The Department’s senior superintending veterinary inspector Damien Barrett warned that a test switch from skin to blood would “balloon” reactor numbers, as there would be a jump in the number of cattle slaughtered on foot of false positive results.
The skin test picks up a lower proportion of TB-infected cattle, but turns up fewer false positives, Barrett explained.
False positives
“On the point of specificity – that is showing up false positives – the skin test is superior. It has a specificity of about 99.5%, which means that about one in every 5,000 is a false positive,” he said.
“The difficulty with the skin test though is that the sensitivity is no better than 80%, which means that out of every 10 infected cattle, it is not detecting two, when it is performed to a high standard.”
The official said that where it suspected that there is cattle-to-cattle transmission occurring or where there has been undetected infection, blood testing is used.

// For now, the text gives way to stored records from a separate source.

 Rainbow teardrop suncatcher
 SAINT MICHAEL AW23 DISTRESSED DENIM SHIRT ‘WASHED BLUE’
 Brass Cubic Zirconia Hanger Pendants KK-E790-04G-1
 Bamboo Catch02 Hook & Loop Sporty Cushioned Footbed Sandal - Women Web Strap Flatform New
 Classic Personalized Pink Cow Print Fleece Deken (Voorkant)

“The trouble is that if you roll that out over 7m cattle, you are going to get an awful lot of false positives on that blood test and that is the big issue on the blood test – the lack of specificity and false positives,” Barrett continued.

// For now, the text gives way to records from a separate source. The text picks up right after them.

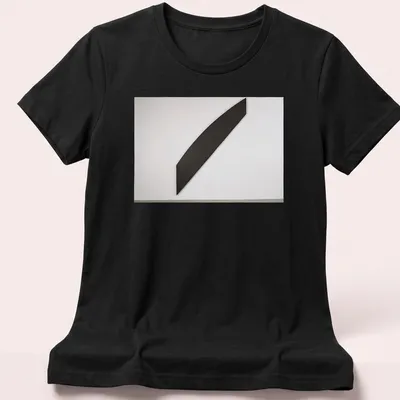 Minimalist design with a black diagonal shape and white background. — printed on a women's shirt
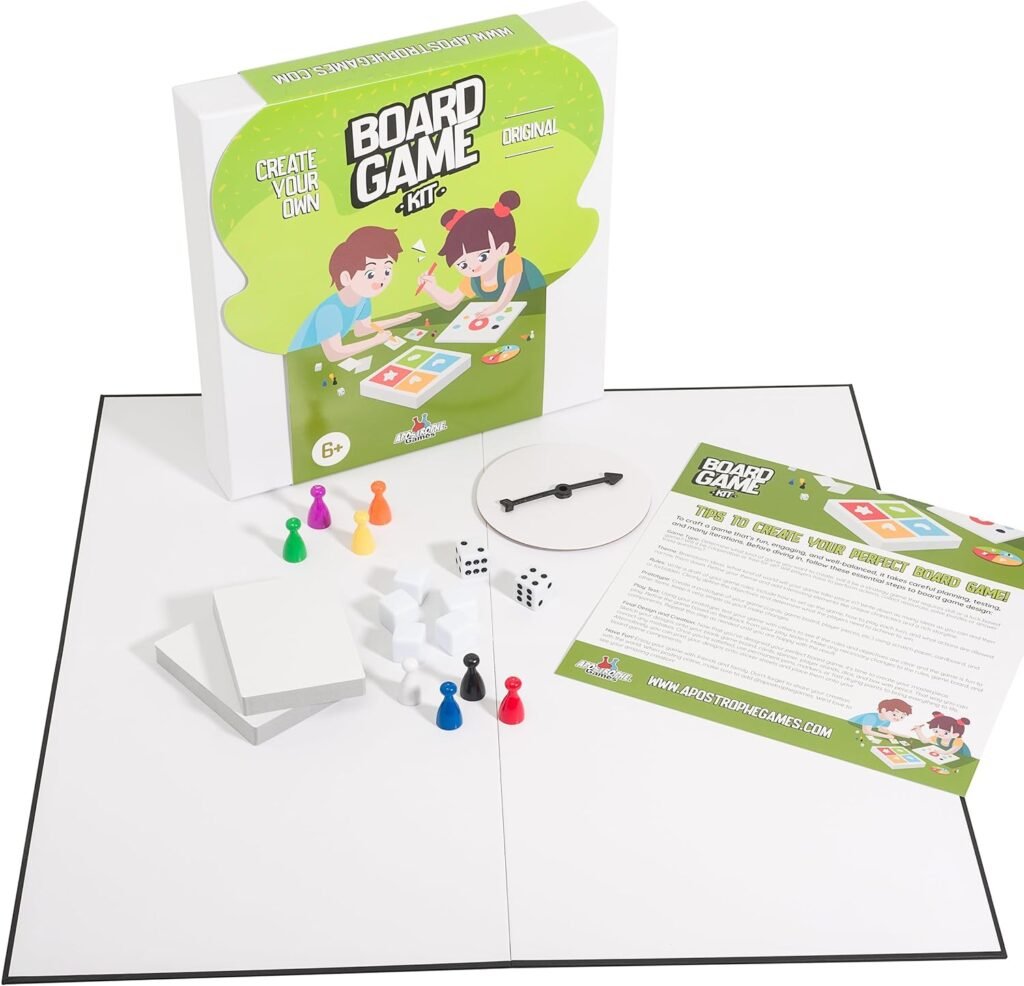 Create Your Own Board Game Set – DIY Kit with Blank Game Board, Game Pieces, Blank Cards, Dice, Spinner – Build Your Own Game for Family Board Games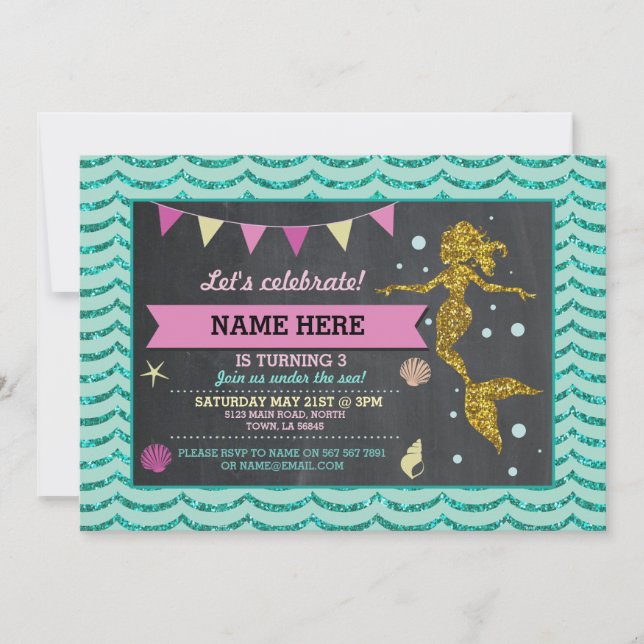 Mermaid Gold Pink Teal Glitter Invitation (Front)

“The net result of that, if we deemed animals that failed the blood test as reactors, would be that reactor numbers would balloon if we carried out the blood test on a wide scale.”
That is the big issue on the blood test – the lack of specificity and false positives
Numerous committee members questioned how New Zealand has made such significant progress with TB eradication, while Ireland’s disease metrics are on an upwards curve.

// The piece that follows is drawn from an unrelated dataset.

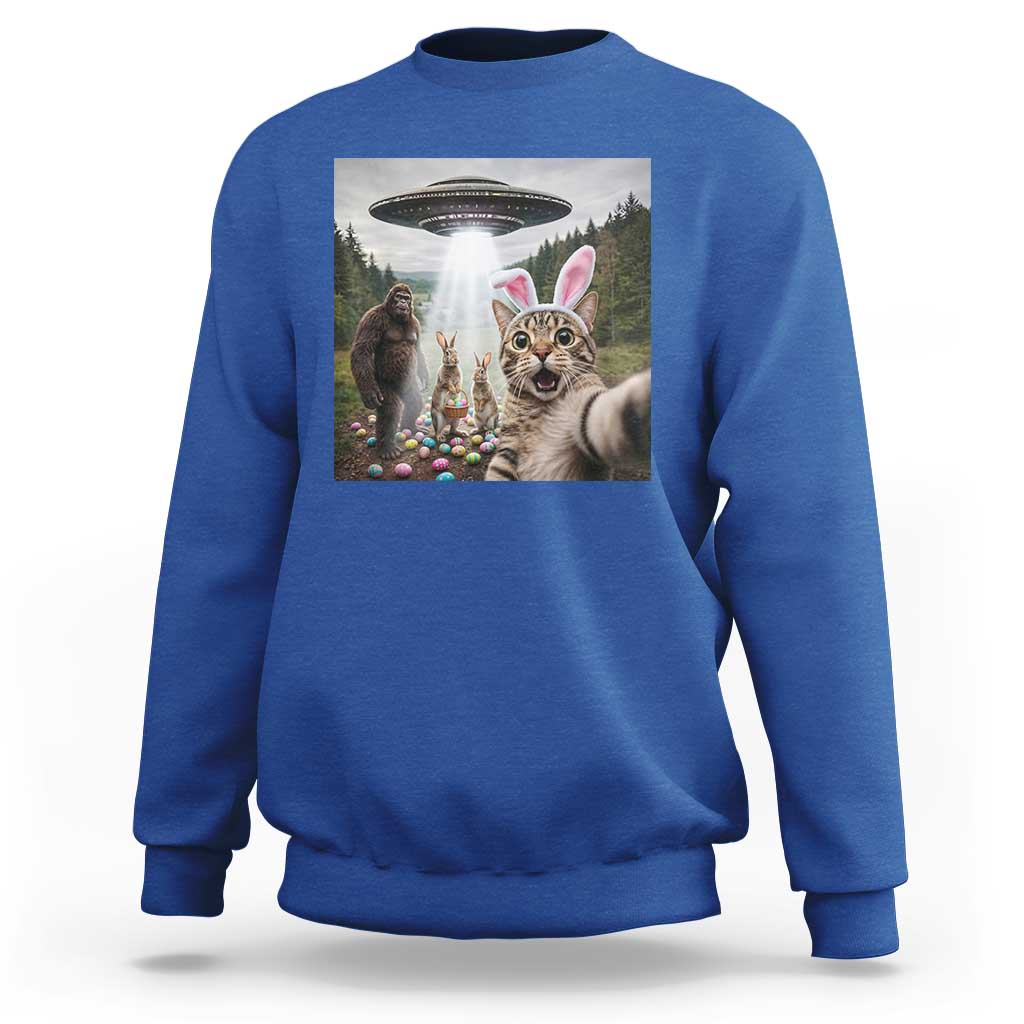 Funny Cat Selfie with Easter Bunny Bigfoot UFO Sweatshirt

Barrett stated that risk-based trading - only allowing herds to buy in cattle from herds of equivalent or superior TB status – and blood testing to “quite a substantial level” are among the measures that contributed to New Zealand’s success.
Badgers
Wildlife proved itself another hot topic for the committee members, many of whom pinned the uptick in reactor numbers and herd incidence witnessed since around 2018 on badgers and deer.
“For the most part, our evidence would show that badgers are the main reservoir of infection in wildlife, but we have a multi-host system where it is a combination of infections from badgers and cattle and we cannot cherry pick between either,” Barrett said.
“They are the main [wildlife] drivers and given that we have about 7m cattle in the country and about 120,000 to 150,000 badgers, based on those figures the driver of infection is coming from cattle.”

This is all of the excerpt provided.